In a previous posting, I explained a minor problem in the “Bounding Box” and “Dynamic Bounding Box” algorithms I describe in chapter 9 of Adam Machanic’s book Expert SQL Server 2005 Development. In short, the problem is that I calculated the boundaries of the search area just a tiny bit too small, introducing a (very small) chance of relevant data not being found. I also presented a quick and dirty fix that basically works by deliberately making the search area too big, sacrificing (a small bit of) performance for correctness. And I promised to keep trying to find a better solution.

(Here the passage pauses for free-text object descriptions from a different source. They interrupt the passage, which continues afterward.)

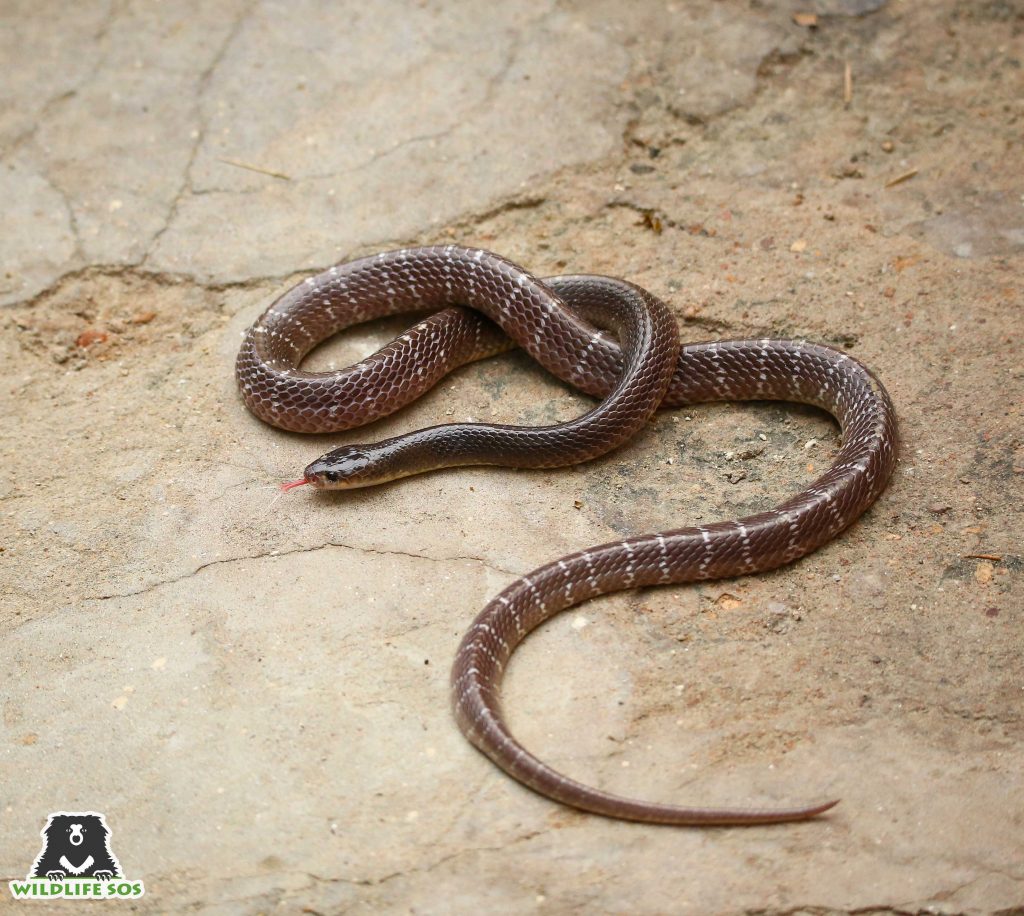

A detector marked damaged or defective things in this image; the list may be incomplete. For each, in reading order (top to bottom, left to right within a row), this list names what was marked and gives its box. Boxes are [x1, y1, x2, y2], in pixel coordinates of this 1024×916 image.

crack in concrete [86, 540, 520, 605]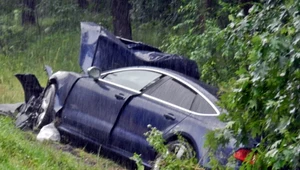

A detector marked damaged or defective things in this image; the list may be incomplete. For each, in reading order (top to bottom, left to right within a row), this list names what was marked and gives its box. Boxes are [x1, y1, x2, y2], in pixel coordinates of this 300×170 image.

wrecked car [13, 22, 246, 169]
crumpled hood [79, 21, 199, 79]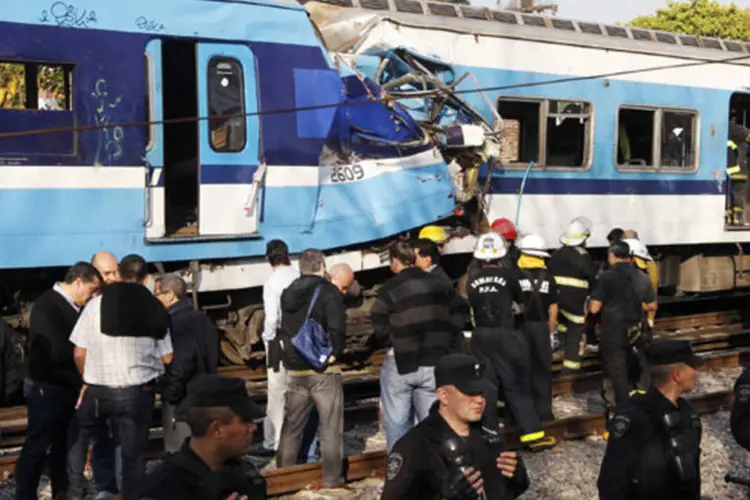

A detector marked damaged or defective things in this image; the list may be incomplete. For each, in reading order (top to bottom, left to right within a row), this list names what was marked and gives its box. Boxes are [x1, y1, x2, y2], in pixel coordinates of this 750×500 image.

broken train window [500, 96, 592, 169]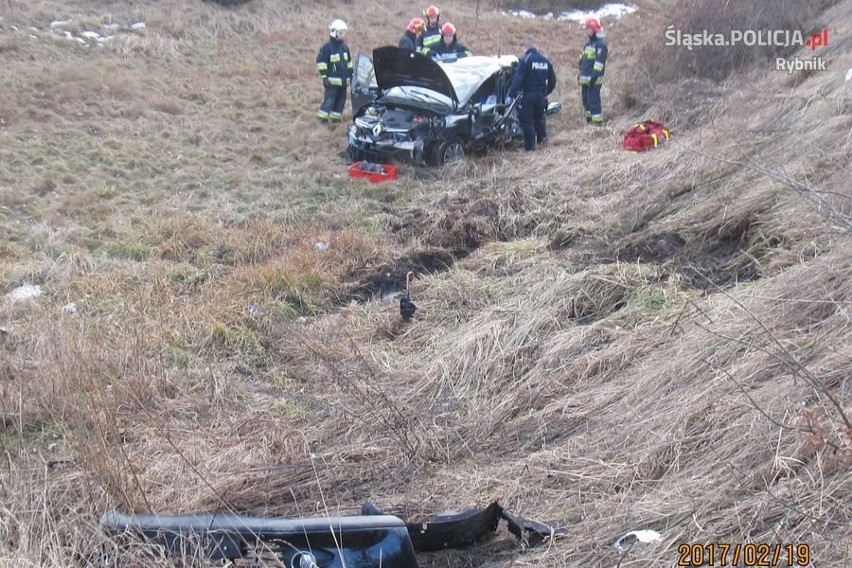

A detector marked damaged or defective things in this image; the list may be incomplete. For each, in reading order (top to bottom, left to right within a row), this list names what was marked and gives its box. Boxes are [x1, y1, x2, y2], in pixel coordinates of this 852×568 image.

crashed car [346, 47, 560, 166]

In this post, I’ll first explain the logic of the final version of the boundary box algorithm. I’ll then quickly cover some other adjustments and improvements that I have made to all versions of the code. The last part of this post shows the rather surprising results of a head to head performance match between the three versions (the incorrect one, the quick but simple fix, and the exact but more complex fix) of the algorithm.
The problem with the original algorithm was that I tried to calculate the boundaries of the bounding box by going straight east and west from the center point. However, moving in that direction will not take you to the highest or lowest longitude, unless the origin is exactly on the equator. To find the real minimum and maximum longitude, I need to move in another direction. Unfortunately, that direction changes with the center of the search and even with the search radius.
For any given starting point and distance, the longitude (and latitude) of the point reached by moving said distance in any direction can be expressed as a function of the direction (a function that eventually describes the circular outline of the search area). The longitude values I am trying to find, the boundaries of the bounding box, are of course the minimum and maximum values of this function.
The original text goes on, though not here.